The first integer in each pair represents which row the cap is placed in. i.e. the height of the mushroom.

The second integer represents the radius of the cap. If it's zero then there just isn't a mushroom in that position. Other for size \$n\$ a total of \$2n-1\$ spaces are occupied centered at the index of the pair. For example 1 means that its cap only occupies a space above it, a 2 means it occupies a space above it and the spaces one unit to the left and right.
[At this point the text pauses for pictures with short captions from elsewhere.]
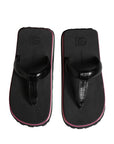Dolce & Gabbana Multicolor Rubber Chunky Flip Flop Shoes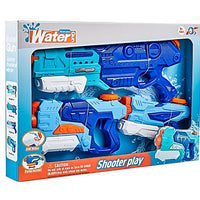 Set 3x Pistol cu Apa pentru Copii, 6ani+, Albastru, 1x 1500 ML +  1x 500 ML +  1x 300 ML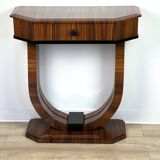Art Deco rosewood console. Manufacturer.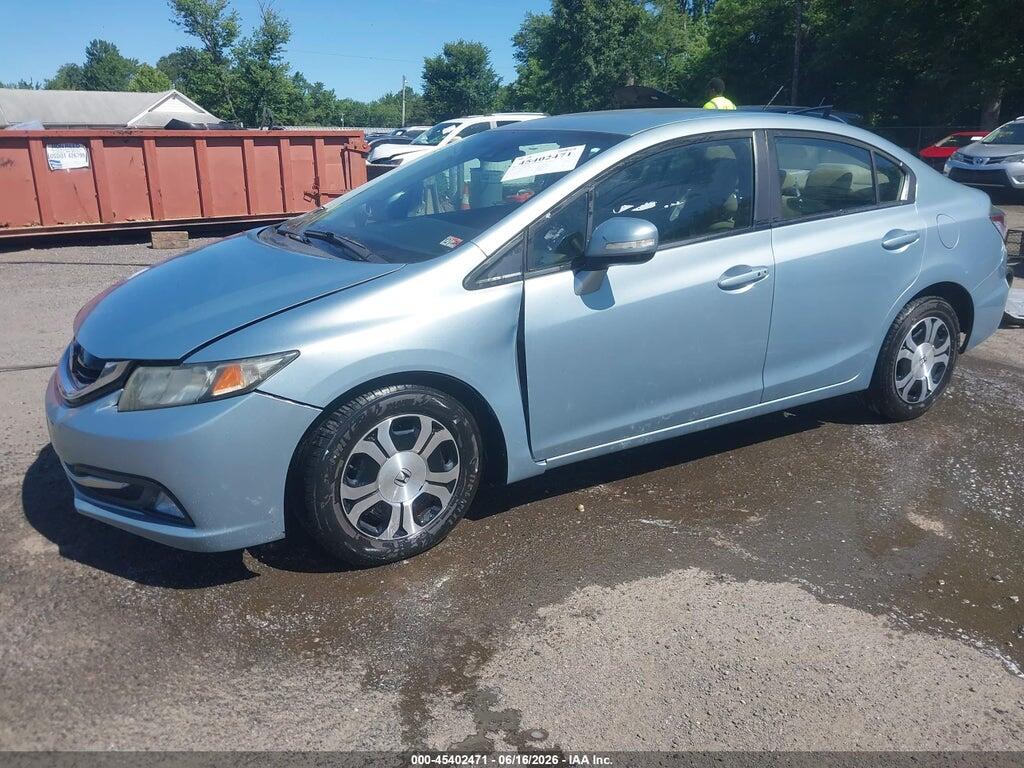 19XFB4F35EE001558 2014 HONDA CIVIC HYBRID photo no. 2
As an example here's an example with the forest drawn:

=-=-= =-=-=-=-=-=-= =
  |         |       |
  | =-=-=   |   =-=-=
  |   |     |     | |
  =-=-=     =-=-=-=-=
  | | |     |   | | |
[ 2,0,1,0,0,2,0,0,1,2 ] <- Heights
[ 2,2,2,0,0,4,0,3,2,1 ] <- Widths

(For clarity, stems are drawn with | and extra spacer rows are added between layers)
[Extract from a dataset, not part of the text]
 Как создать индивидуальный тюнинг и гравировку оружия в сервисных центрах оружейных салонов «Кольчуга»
Your task is to determine from an input list whether there are any collisions between mushroom caps. That is if there is any pair of mushrooms that both occupy 1 or more common spaces.

You should output one of two distinct values. One if there is a collision and the other if there is not.

You may take input instead of a list of pairs as two separate lists of the same length.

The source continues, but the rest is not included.